▸ **Work task**
Exactly the lines below from the line with "WTC币价格(wtc币最新动静)" through the line with "Bureau Bench 2" must make up the answer, both ends included and pictures left out.

▸ **Provided records**
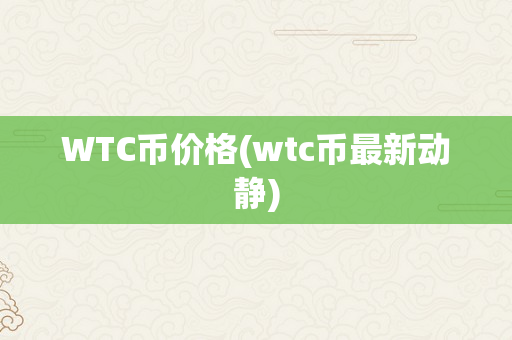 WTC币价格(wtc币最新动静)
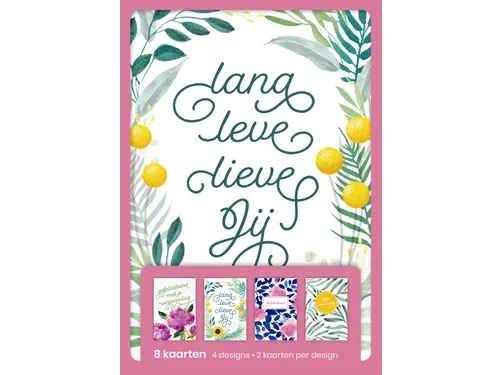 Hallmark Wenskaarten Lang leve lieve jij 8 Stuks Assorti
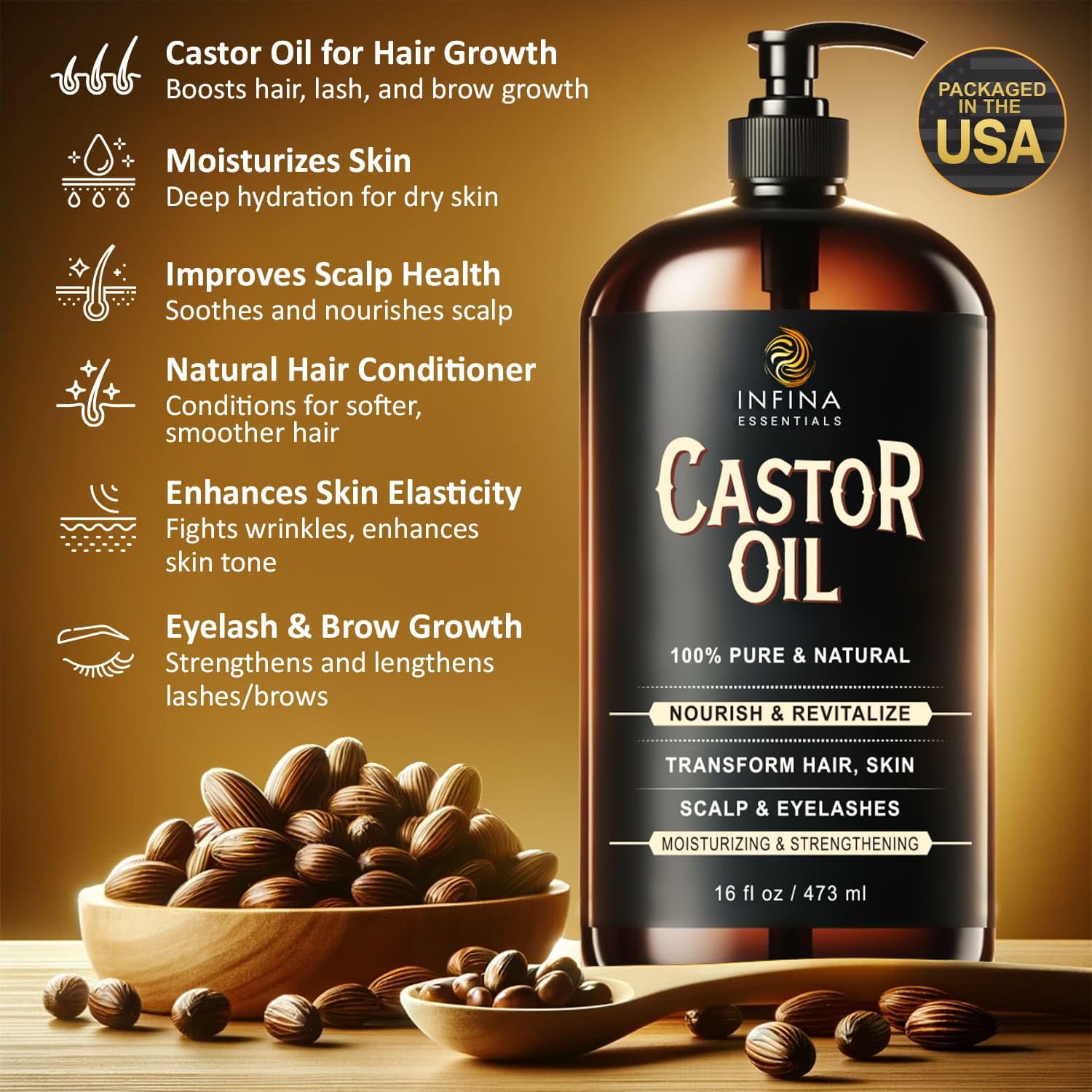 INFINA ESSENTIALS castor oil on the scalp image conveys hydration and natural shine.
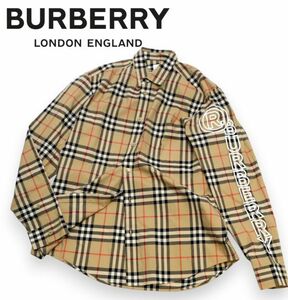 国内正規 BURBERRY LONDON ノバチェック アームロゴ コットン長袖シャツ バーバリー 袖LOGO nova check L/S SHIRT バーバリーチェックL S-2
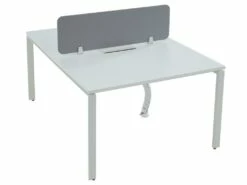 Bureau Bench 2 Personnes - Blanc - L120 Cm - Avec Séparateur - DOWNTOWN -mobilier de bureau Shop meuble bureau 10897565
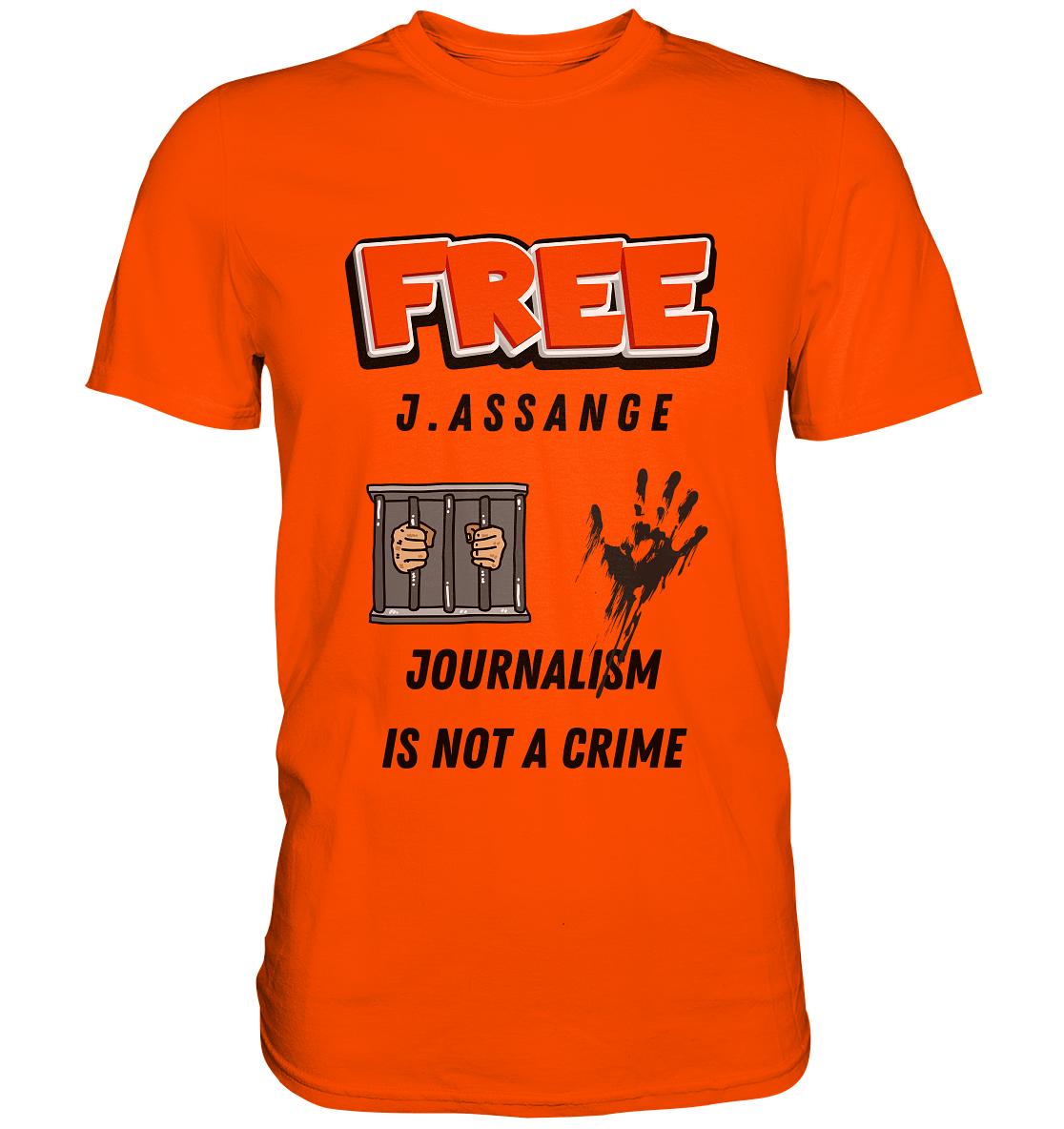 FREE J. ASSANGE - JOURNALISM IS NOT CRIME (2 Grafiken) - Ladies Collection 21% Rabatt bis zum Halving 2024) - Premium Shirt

==

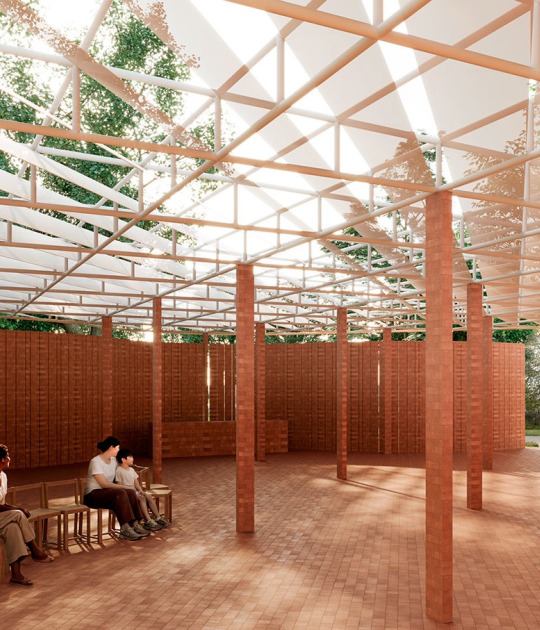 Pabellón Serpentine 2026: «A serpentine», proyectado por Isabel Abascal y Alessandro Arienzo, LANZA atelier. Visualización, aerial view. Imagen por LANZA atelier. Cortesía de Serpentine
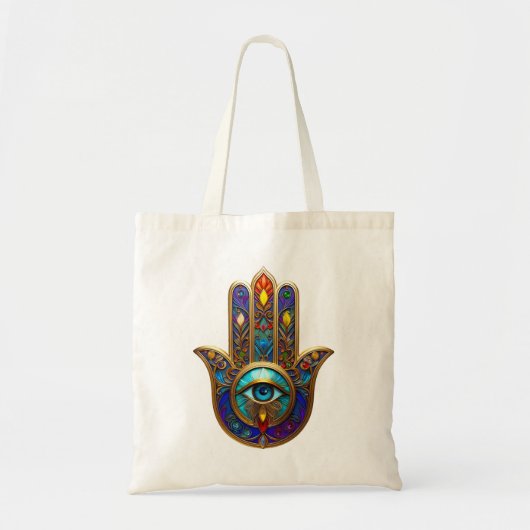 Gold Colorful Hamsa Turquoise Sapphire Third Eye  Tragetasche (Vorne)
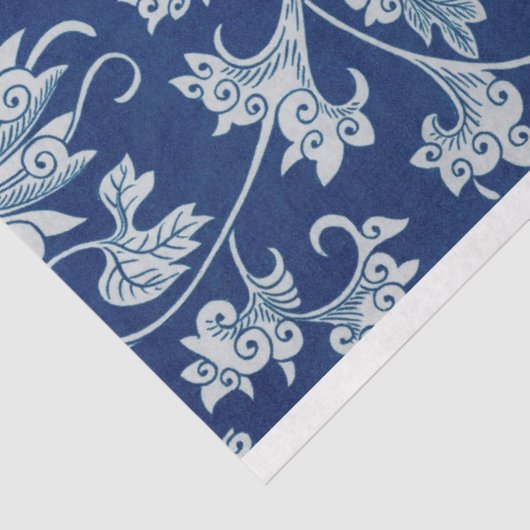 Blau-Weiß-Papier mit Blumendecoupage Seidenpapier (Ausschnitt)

▸ **Answer section**
 WTC币价格(wtc币最新动静)
 Hallmark Wenskaarten Lang leve lieve jij 8 Stuks Assorti
 INFINA ESSENTIALS castor oil on the scalp image conveys hydration and natural shine.
 国内正規 BURBERRY LONDON ノバチェック アームロゴ コットン長袖シャツ バーバリー 袖LOGO nova check L/S SHIRT バーバリーチェックL S-2
 Bureau Bench 2 Personnes - Blanc - L120 Cm - Avec Séparateur - DOWNTOWN -mobilier de bureau Shop meuble bureau 10897565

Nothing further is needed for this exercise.